Bard on the Beach’s 2019 production of The Taming of the Shrew is set in in the Wild West in 1870. Padua becomes Padua City; Petruchio’s Italian country house becomes a grubby campsite, Katherine’s father becomes her mother and director Lois Anderson gives some of Petruchio’s lines to Katherine, the shrew who in this production is not tamed by her love interest, but contented.

The show, which opened Bard’s 30th-anniversary season on Father’s Day, is fun, for sure – despite some flaws.

This is a difficult show to do for obvious reasons. Shakespeare’s play celebrates a man’s manipulation of his new wife into submission through tactics such as starvation and sleep deprivation, and her redemptive speech at the end extols the importance of a wife’s duty and “true obedience.” Yes, contemporary Katherines are given more agency and viewed as victims of the oppressive patriarchal system, which makes this provocatively sexist play more palatable to contemporary audiences. Still, why do Shrew in 2019?

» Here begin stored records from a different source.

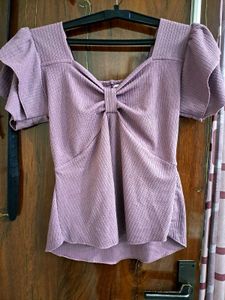 Purple Babydoll Top
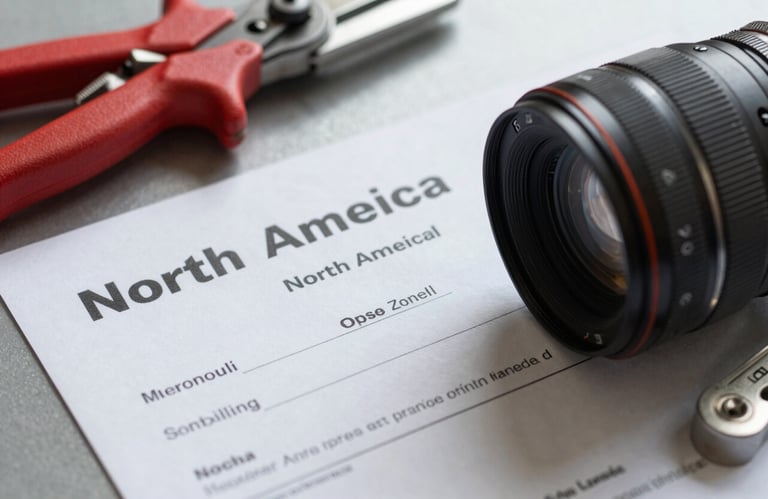 A close-up photo of professional certifications and measuring tools on a silver surface, representing industry expertise and contractor readiness in North America.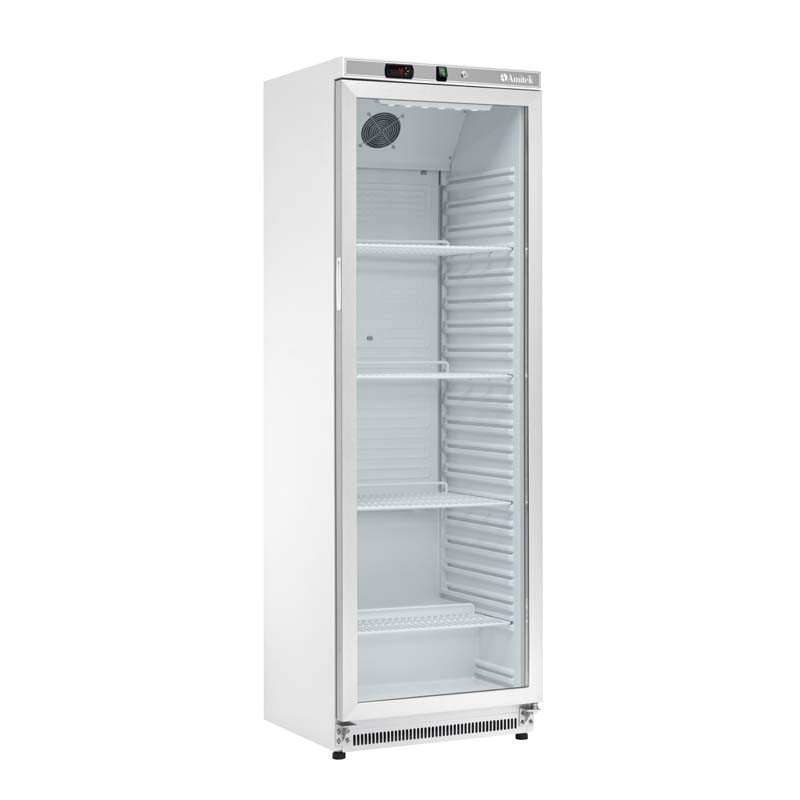 Armadio Refrigerato 360 Lt. • Refrigerazione statica. -2°/+8°C • Porta in vetro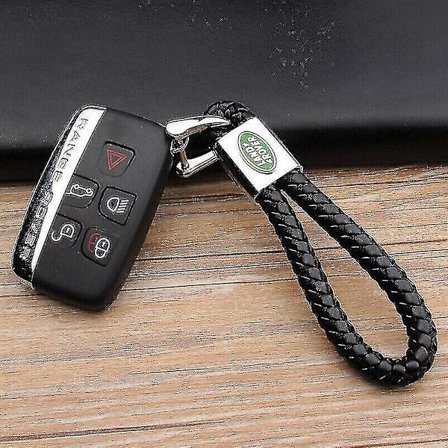 Läderbilslogotyp Nyckelring för Land Rover Defender Range Rover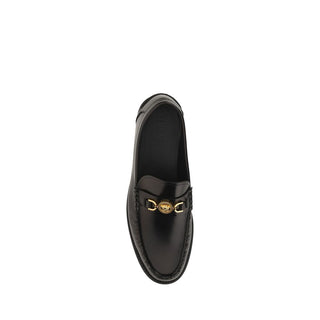 Mocasines slip-on de piel de becerro negra Bos Taurus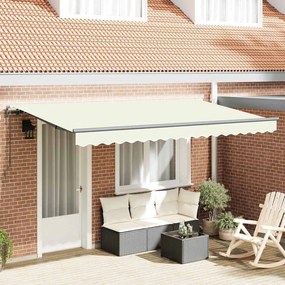 vidaXL Toldo Retrátil Manual Creme e Antracite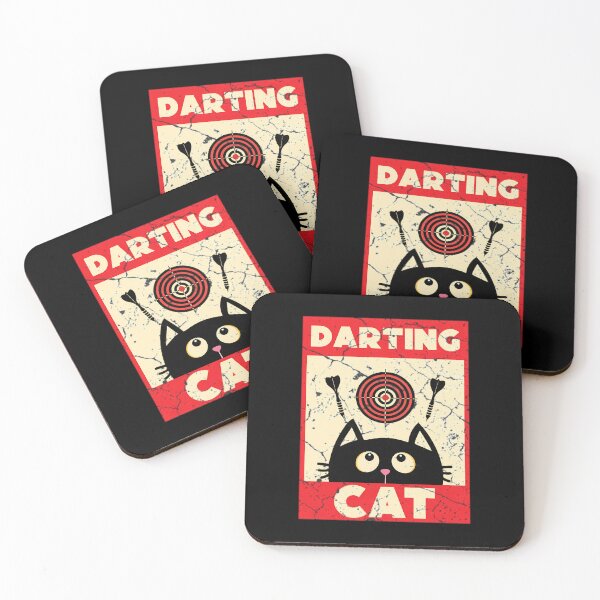 Item preview, Dart Player Cat  	 designed and sold by gvlftqees68.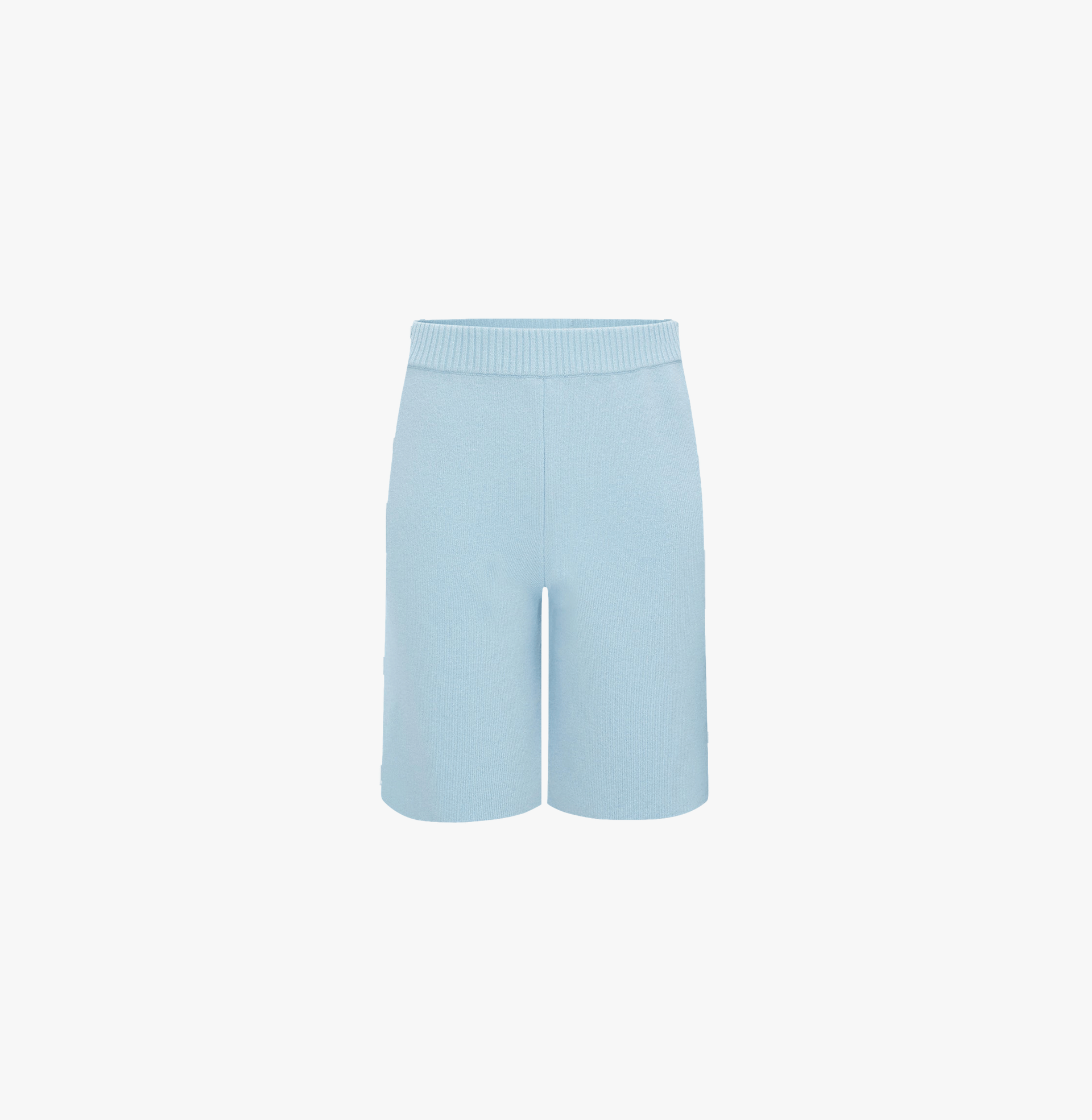 CASHMERE SHORTS in Blue made by CRUSH Collection
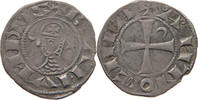 CRUSADER ANTIOCH DENIER BOHEMOND III. 1163-1201. -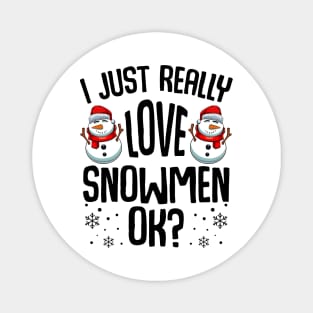 Christmas Snowman Magnet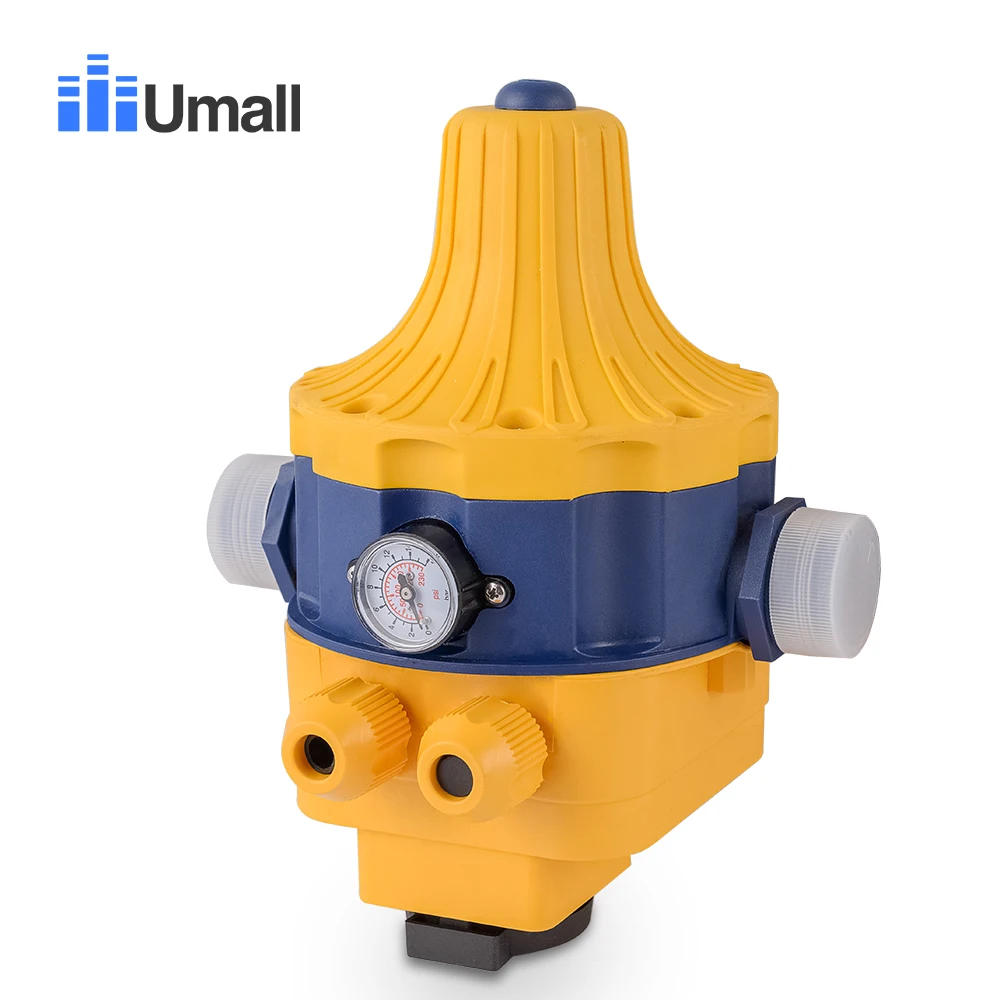 

Water Pumps Auto Pressure Switch 1.5bar Start Booster Level Controller Adjustable Flow Valve control Regulator 220V Eu plug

Anderson tells us exactly why with a brilliant device: Whenever Katherine (Jennifer Lines) encounters a group of townspeople, they taunt her with chants of “Shrew! Shrew!” She is the outcast, the other. And her othering is announced cruelly and publicly with all joining in the mob – even her own sister. That seems like a very good reason to do Shrew in 2019.

As the show opens, beautiful Bianca (Kate Besworth) is a polyflirt who is eager to marry. But she is forbidden from doing so by her mother Baptista (Susinn McFarlen) – her father in the original – until her older sister Katherine is married off. However, finding a husband for Katherine won’t be easy; she is not an ideal bride, but “intolerable;” an “irksome, brawling scold.”

Fortunately, Katherine has something else going for her: money. Her mother is promising a good dowry and Petruchio (Andrew McNee) is in need of some financial stability. So, hearing of the dilemma facing Bianca and her suitors, he decides he will marry her older sister, sight unseen. And he will execute a plan to tame her.

Instead, the two fall in love – and both are changed. In this telling, Katherine becomes an equal rather than a subservient partner.

From their first meeting, the chemistry is palpable between McNee’s Petruchio and Lines’s Katherine – even as they bicker and spar (maybe especially as they bicker and spar).

McNee is marvellous – a more affable and lovable than mean and macho Petruchio. We are rooting for him to woo Katherine because he clearly deserves her.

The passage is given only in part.